Deputy Finance Minister Jose Manuel Campa said the first quarter is traditionally weak for employment, and the data should start to improve. Asked if the jobless rate had peaked, he told reporters in Madrid it’s “hard to predict the future.” Asked the same question later in Madrid, Deputy Prime Minister Alfredo Perez Rubalcaba said the rate had peaked in what he called a “risky” prediction.

Spain has 4.9 million jobless, the survey showed today, the most since the data series started in 1996. That compares with 3 million in Germany, a country twice its size.

As companies adjust to forecasts of slower growth in Spain after a decade-long boom, Telefonica SA, the country’s largest telecoms operator, said on April 14 it plans to cut its workforce in its home market by 20 percent over the next three years. London-based Burberry Group Plc closed a warehouse in Spain last year, while Diageo Plc cited “economic weakness” on Feb. 10 when it said its Spanish whisky and vodka sales declined in the last six months of 2010.

Austerity Measures

Spain’s recovery from the collapse of the debt-fueled property bubble is being undermined by spending cuts and tax increases as the government aims to narrow the budget deficit to 6 percent of gross domestic product this year -- in line with France’s projected shortfall -- from 9.2 percent in 2010.

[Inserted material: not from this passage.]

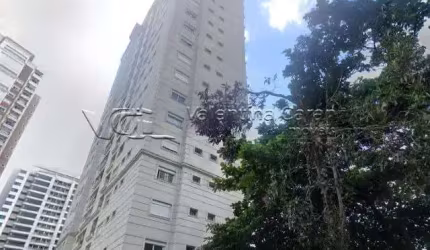 Apartamento com 4 quartos à venda em Perdizes, São Paulo , 200 m2 por R$ 4.000.000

The government expects the jobless rate to average 19.8 percent this year, the Finance Ministry said on April 6, compared with a previous forecast of 19.3 percent. The economy will expand 1.3 percent in 2011 after two years of contraction, with growth accelerating to 2.3 percent next year and 2.4 percent in 2013, it said.

“The market consensus is around 0.7 percent” for 2011 growth, said Martinez, adding that the government should revise its forecast “as there have been a lot of negative factors.” He said he sees a jobless rate of 21 percent this year.

The European Central Bank increased its benchmark interest rate on April 7 for the first time in almost three years and policy makers have signaled more increases may follow. That risks further crimping household spending in Spain, where 97 percent of mortgages have variable interest rates.

Price Pressures

The ECB is trying to stem inflation, which accelerated to 2.8 percent in the euro region in April, from 2.6 percent in March, a separate report said today. The inflation rate in Spain, Portugal and Greece, which are all struggling to rein in growing debt burdens and spur growth, is higher than the euro-region average.

As part of plans to raise tax revenue, the government passed measures today to press employers to legalize underground jobs. The plan increases fines on companies that don’t register workers with tax authorities and on people claiming jobless benefits while working informally.